With National Rally having stormed to victory in the first round of France’s legislative election, commentators are once again asking: why do ‘far Right’ parties keep winning votes in Europe? (I put ‘far Right’ in quotation marks, as I realise the designation is contested.)
Left-wing academics view the ‘far Right’ the same way early European explorers viewed the native people they encountered – as primitive, dangerous and in need of ‘civilising’. They have come up with all manner of convoluted and implausible answers to the question above. It must be austerity. Or income inequality. Or ‘disinformation’.

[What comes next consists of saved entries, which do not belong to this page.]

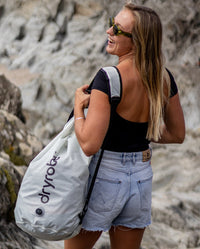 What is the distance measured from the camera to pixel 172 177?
19.9 ft

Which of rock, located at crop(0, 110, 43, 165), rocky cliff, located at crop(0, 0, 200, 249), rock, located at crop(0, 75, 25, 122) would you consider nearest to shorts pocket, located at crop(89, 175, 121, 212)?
rocky cliff, located at crop(0, 0, 200, 249)

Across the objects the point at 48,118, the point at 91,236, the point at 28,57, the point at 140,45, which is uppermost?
the point at 140,45

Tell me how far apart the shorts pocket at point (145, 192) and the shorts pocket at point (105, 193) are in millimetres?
127

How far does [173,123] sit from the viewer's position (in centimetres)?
216

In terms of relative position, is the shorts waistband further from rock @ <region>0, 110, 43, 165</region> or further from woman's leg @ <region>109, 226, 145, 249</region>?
rock @ <region>0, 110, 43, 165</region>

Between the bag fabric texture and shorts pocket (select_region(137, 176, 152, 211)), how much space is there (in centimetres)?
28

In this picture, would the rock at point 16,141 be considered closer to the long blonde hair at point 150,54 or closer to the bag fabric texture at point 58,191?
the bag fabric texture at point 58,191

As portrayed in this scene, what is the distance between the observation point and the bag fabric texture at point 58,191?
6.06 feet

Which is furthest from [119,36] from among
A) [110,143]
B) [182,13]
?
[182,13]

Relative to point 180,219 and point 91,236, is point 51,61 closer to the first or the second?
point 180,219

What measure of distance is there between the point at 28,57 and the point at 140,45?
8.17 meters

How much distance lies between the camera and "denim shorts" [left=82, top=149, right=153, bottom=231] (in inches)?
76.4

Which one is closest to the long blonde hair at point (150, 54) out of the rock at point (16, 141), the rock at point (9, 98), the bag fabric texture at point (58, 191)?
the bag fabric texture at point (58, 191)

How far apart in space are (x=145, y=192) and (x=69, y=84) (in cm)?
697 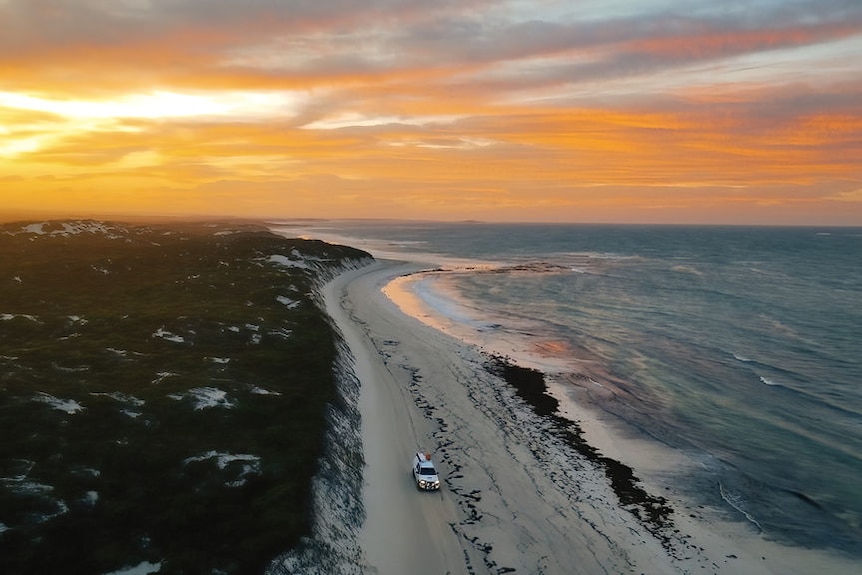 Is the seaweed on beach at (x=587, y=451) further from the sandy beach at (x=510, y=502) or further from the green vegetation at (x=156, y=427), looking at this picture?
the green vegetation at (x=156, y=427)

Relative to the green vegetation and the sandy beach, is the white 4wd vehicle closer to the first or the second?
the sandy beach

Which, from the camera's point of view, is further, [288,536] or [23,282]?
[23,282]

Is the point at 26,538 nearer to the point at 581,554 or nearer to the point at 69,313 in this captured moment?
the point at 581,554

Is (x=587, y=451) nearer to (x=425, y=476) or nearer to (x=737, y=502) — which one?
(x=737, y=502)

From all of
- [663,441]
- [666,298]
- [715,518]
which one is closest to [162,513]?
[715,518]

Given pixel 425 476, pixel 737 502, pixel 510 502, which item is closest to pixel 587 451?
pixel 737 502

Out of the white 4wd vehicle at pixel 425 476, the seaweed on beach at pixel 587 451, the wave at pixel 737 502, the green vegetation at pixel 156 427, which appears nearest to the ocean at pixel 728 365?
the wave at pixel 737 502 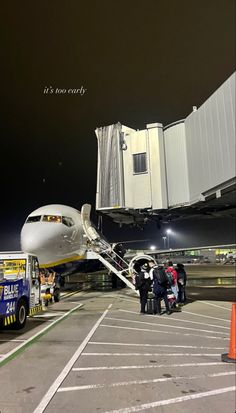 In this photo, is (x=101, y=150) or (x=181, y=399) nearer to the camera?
(x=181, y=399)

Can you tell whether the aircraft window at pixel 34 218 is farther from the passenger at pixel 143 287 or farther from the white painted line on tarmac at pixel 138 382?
the white painted line on tarmac at pixel 138 382

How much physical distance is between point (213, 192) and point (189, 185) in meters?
1.65

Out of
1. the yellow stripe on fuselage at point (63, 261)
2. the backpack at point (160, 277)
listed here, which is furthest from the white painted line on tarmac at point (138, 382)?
the yellow stripe on fuselage at point (63, 261)

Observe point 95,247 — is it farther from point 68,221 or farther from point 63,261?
point 63,261

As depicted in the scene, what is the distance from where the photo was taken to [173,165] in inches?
488

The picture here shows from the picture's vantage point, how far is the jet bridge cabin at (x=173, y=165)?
9344 millimetres

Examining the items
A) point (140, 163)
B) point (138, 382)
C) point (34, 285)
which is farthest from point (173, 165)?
point (138, 382)

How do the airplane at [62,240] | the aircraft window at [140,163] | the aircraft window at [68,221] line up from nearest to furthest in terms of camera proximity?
the aircraft window at [140,163], the airplane at [62,240], the aircraft window at [68,221]

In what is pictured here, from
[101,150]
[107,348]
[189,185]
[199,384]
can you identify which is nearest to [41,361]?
[107,348]

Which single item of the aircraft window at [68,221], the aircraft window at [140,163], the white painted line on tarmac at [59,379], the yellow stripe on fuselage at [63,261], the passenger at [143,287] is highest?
the aircraft window at [140,163]

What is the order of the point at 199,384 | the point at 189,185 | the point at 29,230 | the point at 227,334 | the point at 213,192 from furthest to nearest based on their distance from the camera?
1. the point at 29,230
2. the point at 189,185
3. the point at 213,192
4. the point at 227,334
5. the point at 199,384

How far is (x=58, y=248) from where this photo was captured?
18734 millimetres

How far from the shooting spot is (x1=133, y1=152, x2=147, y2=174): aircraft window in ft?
43.0

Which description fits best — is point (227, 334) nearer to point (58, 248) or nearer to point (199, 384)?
point (199, 384) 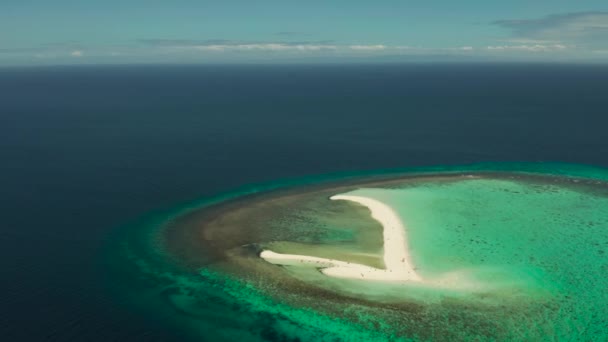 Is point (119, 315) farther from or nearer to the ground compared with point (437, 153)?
nearer to the ground

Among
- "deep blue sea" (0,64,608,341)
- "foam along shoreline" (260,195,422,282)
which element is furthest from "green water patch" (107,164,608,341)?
"deep blue sea" (0,64,608,341)

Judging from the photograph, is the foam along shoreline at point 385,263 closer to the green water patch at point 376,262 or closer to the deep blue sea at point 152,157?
the green water patch at point 376,262

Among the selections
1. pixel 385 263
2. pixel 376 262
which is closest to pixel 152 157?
pixel 376 262

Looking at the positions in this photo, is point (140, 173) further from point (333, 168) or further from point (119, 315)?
point (119, 315)

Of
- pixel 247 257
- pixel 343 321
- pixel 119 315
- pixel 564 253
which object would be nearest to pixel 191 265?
pixel 247 257

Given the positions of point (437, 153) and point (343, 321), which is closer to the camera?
point (343, 321)

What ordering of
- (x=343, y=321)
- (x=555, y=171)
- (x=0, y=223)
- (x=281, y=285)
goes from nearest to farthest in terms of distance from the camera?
(x=343, y=321) → (x=281, y=285) → (x=0, y=223) → (x=555, y=171) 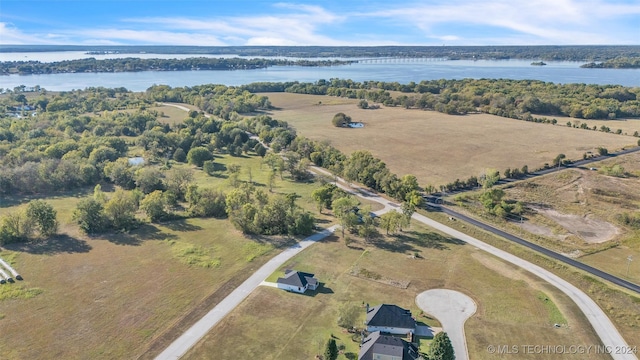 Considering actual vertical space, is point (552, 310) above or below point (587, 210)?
below

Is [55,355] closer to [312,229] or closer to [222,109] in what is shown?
[312,229]

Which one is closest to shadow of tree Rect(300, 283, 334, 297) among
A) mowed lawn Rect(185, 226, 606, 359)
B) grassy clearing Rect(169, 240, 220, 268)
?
mowed lawn Rect(185, 226, 606, 359)

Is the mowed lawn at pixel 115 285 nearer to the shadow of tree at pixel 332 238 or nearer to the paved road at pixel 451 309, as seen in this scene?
the shadow of tree at pixel 332 238

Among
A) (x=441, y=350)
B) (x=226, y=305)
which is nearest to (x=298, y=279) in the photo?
(x=226, y=305)

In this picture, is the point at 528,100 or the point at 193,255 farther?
the point at 528,100

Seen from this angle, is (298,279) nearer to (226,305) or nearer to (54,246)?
(226,305)

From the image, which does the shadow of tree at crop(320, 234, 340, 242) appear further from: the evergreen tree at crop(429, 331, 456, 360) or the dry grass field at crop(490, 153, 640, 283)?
the dry grass field at crop(490, 153, 640, 283)

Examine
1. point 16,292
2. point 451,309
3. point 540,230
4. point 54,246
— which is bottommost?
point 16,292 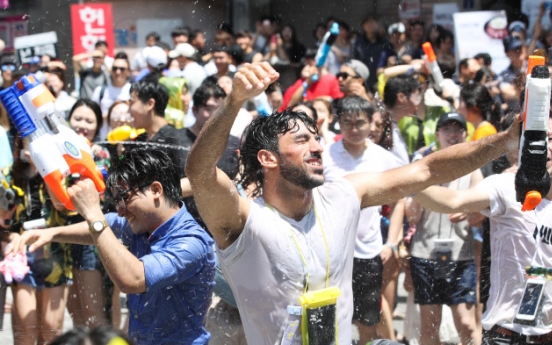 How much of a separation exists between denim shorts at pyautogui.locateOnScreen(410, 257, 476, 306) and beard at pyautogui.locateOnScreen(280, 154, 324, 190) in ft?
7.82

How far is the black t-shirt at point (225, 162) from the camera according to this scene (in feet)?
15.8

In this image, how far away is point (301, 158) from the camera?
3156 millimetres

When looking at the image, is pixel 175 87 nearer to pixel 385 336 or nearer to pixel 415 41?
pixel 385 336

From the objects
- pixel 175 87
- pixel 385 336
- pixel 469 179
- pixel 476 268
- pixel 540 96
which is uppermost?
pixel 540 96

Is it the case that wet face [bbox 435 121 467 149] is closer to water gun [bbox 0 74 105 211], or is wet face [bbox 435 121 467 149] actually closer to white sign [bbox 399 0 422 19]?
water gun [bbox 0 74 105 211]

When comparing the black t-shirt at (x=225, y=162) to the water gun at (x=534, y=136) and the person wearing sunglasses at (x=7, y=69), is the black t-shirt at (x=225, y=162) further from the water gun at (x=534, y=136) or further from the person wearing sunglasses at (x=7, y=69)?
the person wearing sunglasses at (x=7, y=69)

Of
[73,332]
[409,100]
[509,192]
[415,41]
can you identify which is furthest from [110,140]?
[415,41]

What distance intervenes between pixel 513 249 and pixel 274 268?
5.23 ft

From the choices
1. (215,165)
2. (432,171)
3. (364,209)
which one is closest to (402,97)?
(364,209)

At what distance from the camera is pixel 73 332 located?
1802mm

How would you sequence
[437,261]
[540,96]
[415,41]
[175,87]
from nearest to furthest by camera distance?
1. [540,96]
2. [437,261]
3. [175,87]
4. [415,41]

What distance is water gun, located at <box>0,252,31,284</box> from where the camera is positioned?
4.74 m

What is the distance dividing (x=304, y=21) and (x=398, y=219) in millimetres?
9613

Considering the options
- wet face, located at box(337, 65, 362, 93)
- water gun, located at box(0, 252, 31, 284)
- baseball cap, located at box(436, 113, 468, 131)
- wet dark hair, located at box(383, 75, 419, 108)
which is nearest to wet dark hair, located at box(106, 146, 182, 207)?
water gun, located at box(0, 252, 31, 284)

Notice how ideologically convenient these answers are: they’re essentially the Left’s favourite hobby horses. Leftists already want action on austerity, income inequality and disinformation, so they just kind of assume those things are behind the rise of the ‘far Right’. Why is the ‘far Right’ on the rise, you ask? Turns out it’s because we haven’t been doing everything the Left wanted to do anyway.
The preceding answers don’t make much sense either. Why would people concerned about austerity and income inequality vote for the ‘far Right’ when they could just vote for the Left, which is much more focused on those issues? And why would people be more susceptible to ‘disinformation’ than to the supposedly correct information that’s constantly broadcast through all mainstream media?
The real reason the ‘far Right’ is on the rise is very simple: immigration – particularly Muslim immigration. Of course, Left-wing commentators refuse to believe this because it would mean their own preferred policies are the root cause of something they claim is an existential threat to democracy.
The fact that immigration – and not austerity, income inequality or ‘disinformation’ – is behind the rise of the ‘far Right’ can be seen very clearly in the case of Denmark.
Like most of Western Europe, the small Scandinavian country had seen large-scale immigration from the Middle East and North Africa, which prompted the formation of several ‘far Right’ parties. At the 2015 election, one such party (the Danish People’s Party) came second with 21% of the vote. At the next election in 2019, the Social Democrats (the country’s main Left-wing party) ran on a platform of immigration restrictionism and support for the welfare state. It won the most votes and was able to form a government with the other Left-wing parties. At the most recent election in 2022, the two ‘far Right’ parties got only 6% of the vote.
This example shows that the ‘far Right’ ceases to be an important political force when centrist parties adopt immigration restrictionism.
All those parties have to do is not pursue a policy that radically changes the country’s demographic composition and makes housing increasingly unaffordable. But they can’t help themselves: for some inexplicable reason, they just have to keep letting people in.
If the Left really wanted to neutralise the ‘far Right’, they would pursue the same strategy as the Danish Social Democrats. Since they choose not to, it’s hard to take their hand-wringing over ‘threats to democracy’ seriously.